The set list is tricky. We have a full ninety minutes, but we’re playing as a five-piece — Deanna’s away on business — which limits our choices some. We get by. The sound is excellent; the tech is running the whole thing from his phone, and our monitor mixes are crystalline. Consequently, Craig and I both sing well, though of course we miss Deanna’s high harmonies. We do ”Wayside,” and it’s momentarily startling to hear it coming out of my own mouth rather than hers. There are some hitches — a broken string, again — but the day is glorious and the crowd is friendly, with lots of little kids doing floppy, excited little-kid dances, and I have room to jump around the stage and generally ham it up, and everybody has a good time.
We scatter quickly afterward. I had wanted to stay and watch the Crooked North, but it’s hot and shadeless, and Sam and Danielle have exhausted the festival’s options for distraction, so once again I make my excuses and head out home.
Saturday, September 17, 2016
By this point it’s not quite starting to feel like a job, but it does feel like we’re getting quite good at it — the way you’d get good at a job after doing it a while.
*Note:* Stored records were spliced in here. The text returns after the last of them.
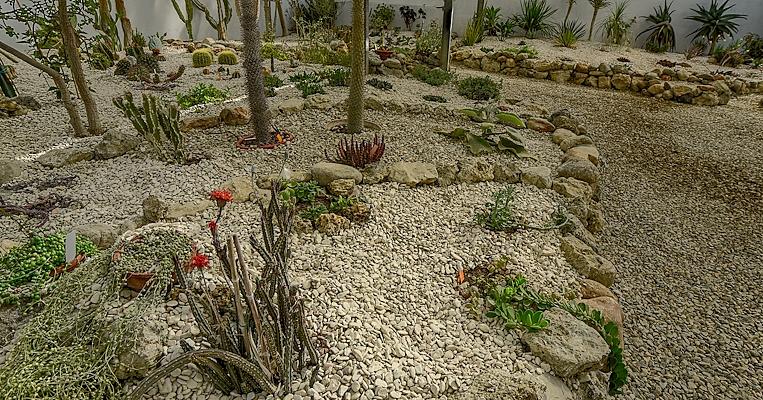 Orto botanico di San Costanzo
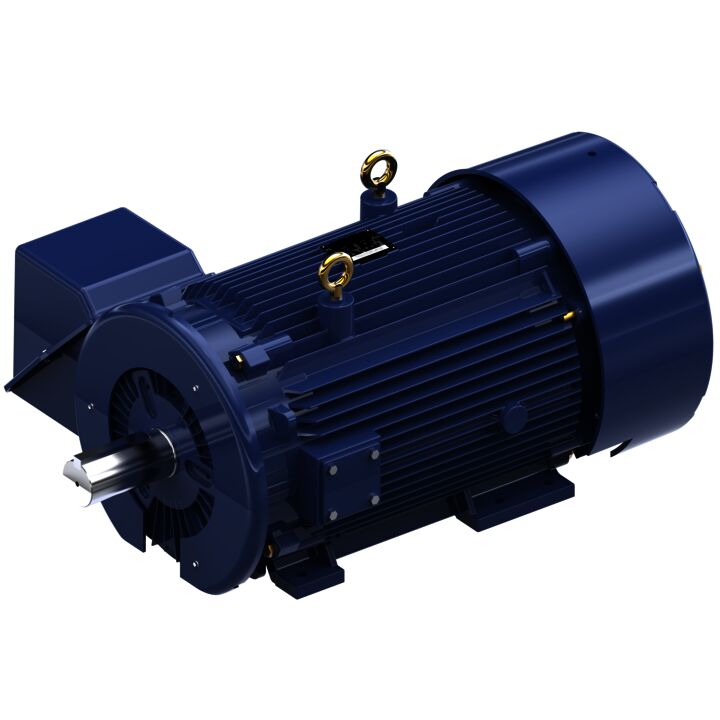 General Purpose Motor, 250 & 200 HP, 3 Ph, 60 & 50 Hz, 460 & 380 V, 900 & 750 RPM, 449TZ Frame, TEFC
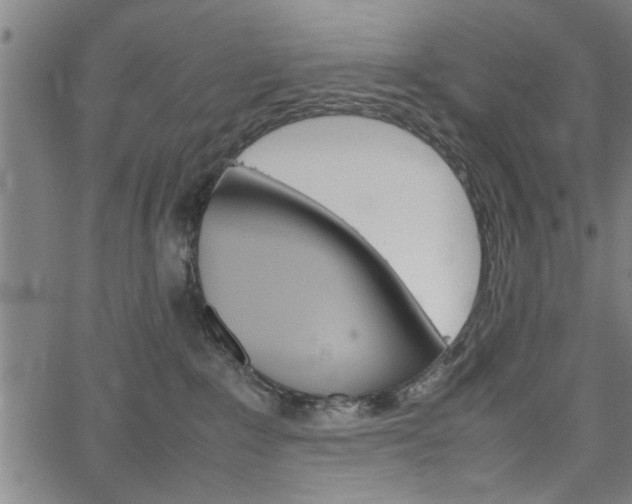 X0000067520235200604071032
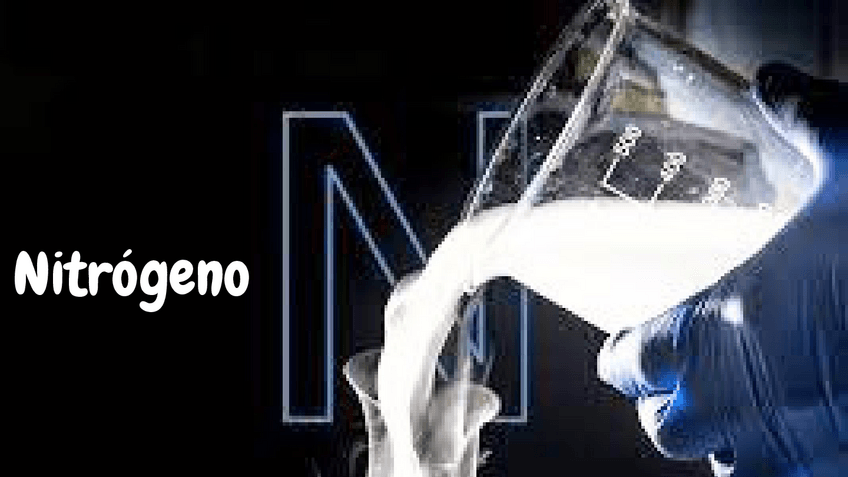 Miniatura del documento Nitrogeno.pdf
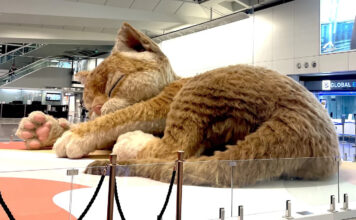 В аэропорту Гонконга появился гигантский интерактивный кот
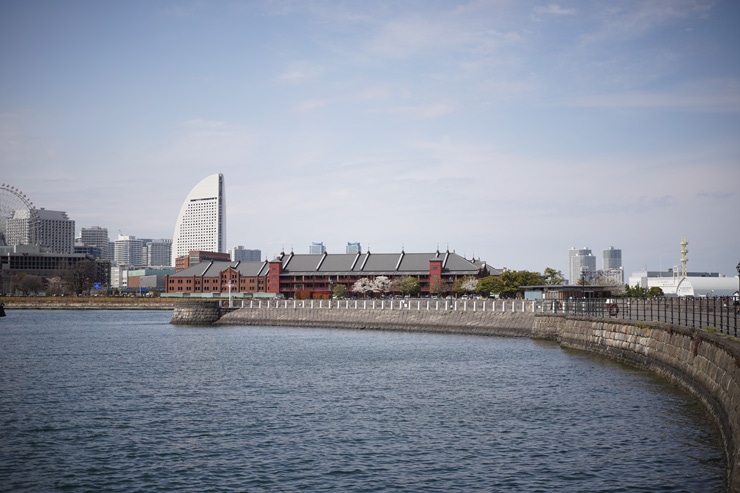 SONY(ソニー) FE 50mm F2.5 G 作例8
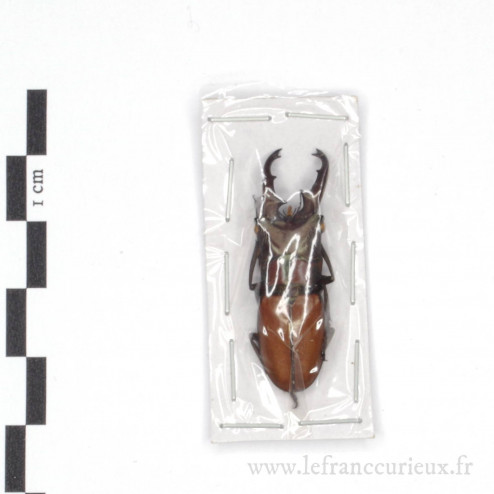 Cyclommatus albersii - mâle...
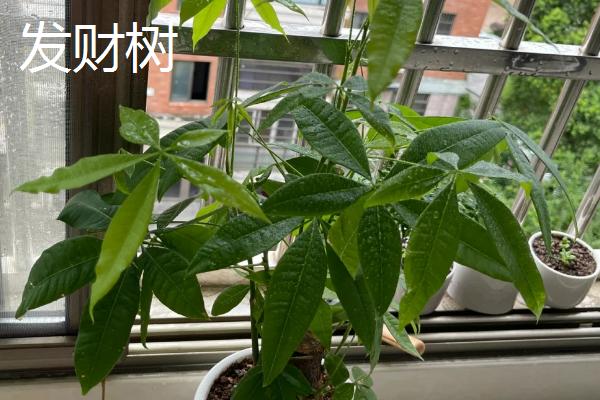 常见的室内绿化植物，常见的有发财树、绿萝等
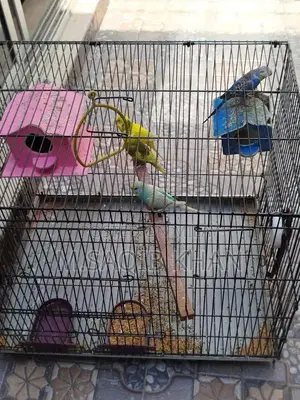 Pair of Budgie Parrots with Cage - Breeding Pair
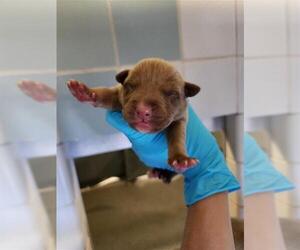 American Staffordshire Terrier Dogs for adoption in San Antonio, TX, USA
We’re at the House of Guitars, which is less a house than a complex of buildings — guitar shop, record store, practice rooms, and music school — with an outdoor stage in the back, a big lofty concrete thing with a plexiglas awning. We’re playing as part of the store’s fall music festival; through September and well into October, the HoG showcases local bands every Saturday from noon to six. We’ve put together a killer hour-and-a-half.
The sound is (again) outstanding, with clean, warm monitor mixes for each of us. In terms of sheer acreage, this is the biggest stage we’ve ever played by far — and I am determined to fill every inch of it. I’ve traded my usual clodhopper boots for dancing shoes — well, canvas tennies, anyway — and I give my most physical performance yet; tripping, sliding, throwing shapes, pogoing around, even dropping to my knees for ”Sister Saintly.”
Now, James Brown I ain’t, but we’re having a ball — right up until the moment, about halfway through, when one of the organizers slides up to tell me that we need to cut short our set.
I cannot for the life of me figure out why they’d cut back on our time. We are the first act of the day, so there’s no way the event can be running long. All I can think is that the next band — a barroom attraction considerably more established than we — have arrived early and are far too big and important to be asked to wait their proper turn. I see them standing off to one side, glaring daggers at us for having the temerity to occupy their stage.
We have a hurried onstage conference, and quickly reach a three-word verdict: This is bullshit. And we decide on a course of action which is even terser: Fuck em. Everybody turns up just a little, and we tear ass into the next number, and then the next, and the next, playing angry and barely pausing for breath. If they pull the plug on us, so be it — but we’ll be damned if we’re gonna make it easy for them.
We sprint to the end of the set, bring it in hard and hot. And when we’re done, I pity the poor bastards who have to take that stage after us.
As it turns out, nobody does. After our teardown and while the next band is setting up, the sky — which has been threatening all morning — open ups with rain; everything has to be moved indoors, and now things are running late for all the impatience of the big shots.
I don’t stick around to cheer them on, and for once I don’t feel bad about it. There’s a lot to be said for being part of a supportive community of artists, but sometimes we rock the hardest when it’s us against the world.